(Items listed in a dataset)
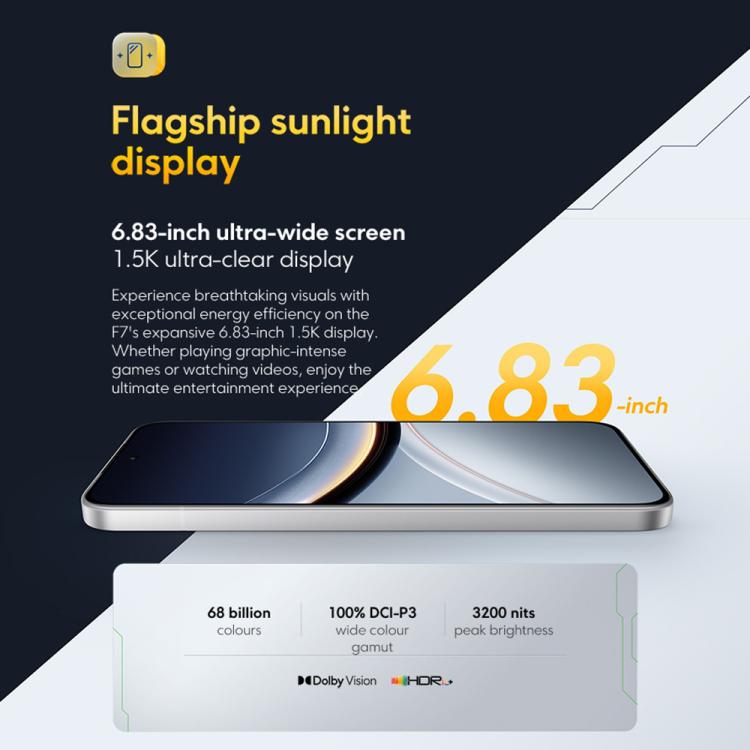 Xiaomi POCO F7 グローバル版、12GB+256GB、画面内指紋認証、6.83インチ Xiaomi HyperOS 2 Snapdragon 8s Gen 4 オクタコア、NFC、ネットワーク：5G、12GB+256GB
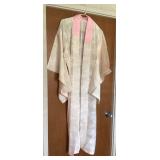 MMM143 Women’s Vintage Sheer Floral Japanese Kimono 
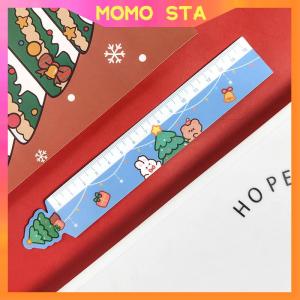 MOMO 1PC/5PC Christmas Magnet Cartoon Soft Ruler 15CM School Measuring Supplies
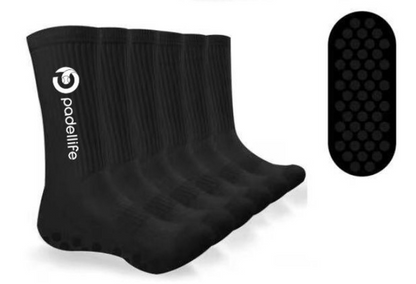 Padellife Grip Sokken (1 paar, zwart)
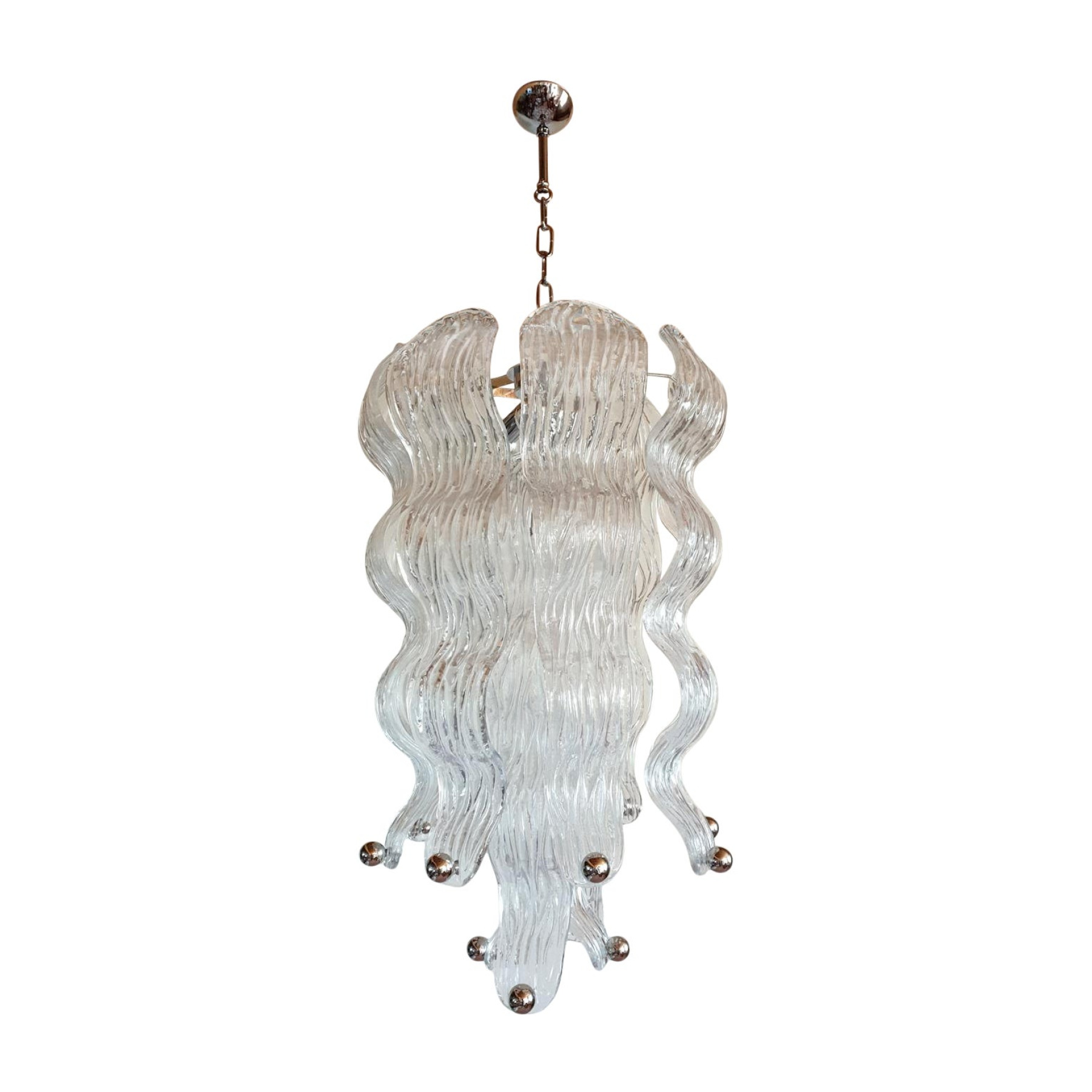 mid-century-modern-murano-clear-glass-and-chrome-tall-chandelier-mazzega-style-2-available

§ WHAT YOU WILL DO: Every line from the one with "MMM143 Women’s Vintage" through the end of the records is to be reproduced exactly, and the pictures are to be left out.

§ TASK RESPONSE:
 MMM143 Women’s Vintage Sheer Floral Japanese Kimono 
 MOMO 1PC/5PC Christmas Magnet Cartoon Soft Ruler 15CM School Measuring Supplies
 Padellife Grip Sokken (1 paar, zwart)
 mid-century-modern-murano-clear-glass-and-chrome-tall-chandelier-mazzega-style-2-available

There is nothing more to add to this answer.